You have cheated a little in the first paragraph (creating false tension) by having the viewpoint character not use the guard's name - Keigo. If the viewpoint character knows who the guard is, then his name should be used and include that he was wearing his uniform and standing (or sitting) guard as usual. I assume he is sitting since he stands in last paragraph, although this isn't clear.

You are also telling and not showing. In doing so, you are using filters - "I could see", "knowing", "look". The use of these is not necessarily wrong, but they should be used as sparingly as possible. Consider what made Keigo appear suspicious. Did he furrow his eyebrows or raise one inquisitively? Instead of telling us that his suspicion was growing, all you really need is "He glanced repeatedly from the screen to me." Instead of adding 'he still didn't look convinced', simply add question mark at end of "It is you...(?)"

There are some minor grammar and punctuation details to consider:
- no comma is needed in the first sentence.
- you should use a comma in the last sentence of first paragraph after 'eyes' because it is a compound sentence and you are changing direction. If the second part of the sentence continued the thought of the first part, then the comma would not be necessary.
- "Dr.
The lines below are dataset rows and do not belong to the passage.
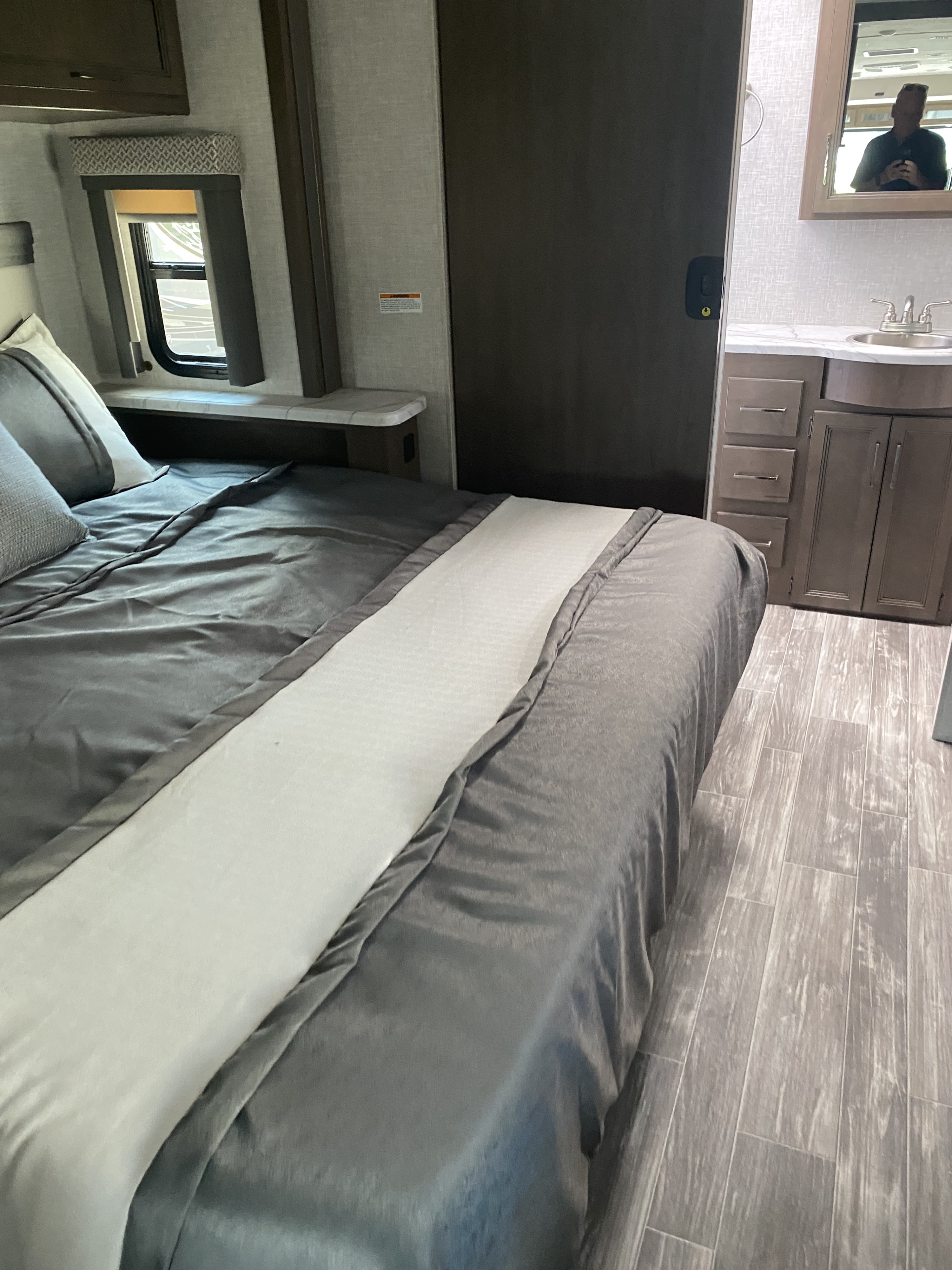 Cozy RV rental bedroom featuring a grey bed with white runner, window, and a connected vanity and sink. Modern grey interior design.. Thor Hurricane 2022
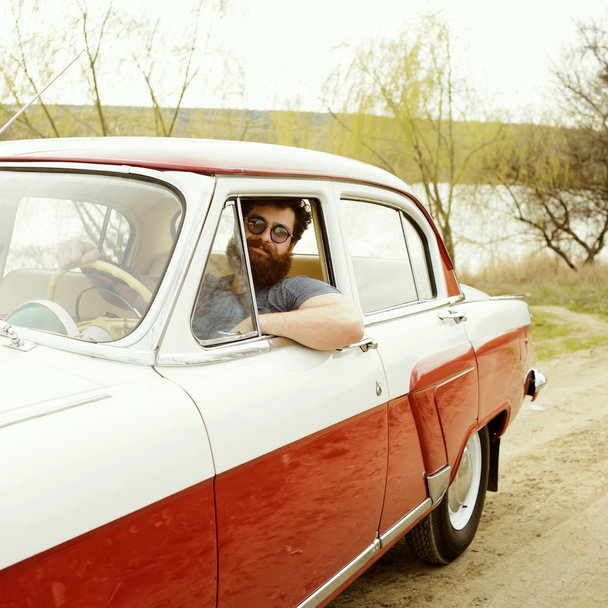Bearded man behind the wheel of a retro car - Photo, Image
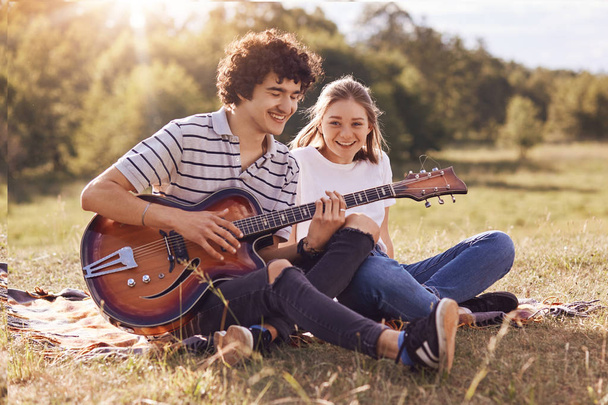 Youth, dating and recreation time concept. Happy girlfriend and boyfriend sit on green grass, play guitar, enjoy calm atmosphere, have smiles on faces. Lovely young female listens romantic songs - Photo, Image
Narita?" he said, finger... (the 'he' should be lower-case)
- 'I choked back..." instead of 'choke backed'
- "Yes, it’s me, Keigo, but I..." - I know it seems like a lot of commas, but you need one before and after 'Keigo'. You may want to consider rewording to avoid excessive commas.
- "Yes,...ID on Monday," I said... (need comma after 'Monday', not period - rules of grammar regarding attributions following quotation marks - question and exclamation marks are OK, not periods).

I also noticed that you used three adverbs. This isn't too bothersome for me, but you might want to consider if they are needed. They become more noticeable following the word 'said' as in last paragraph - this also drifts into "telling" areas.

I would continue reading as it now stands, but with trepidation.

[This message has been edited by philocinemas (edited August 14, 2011).]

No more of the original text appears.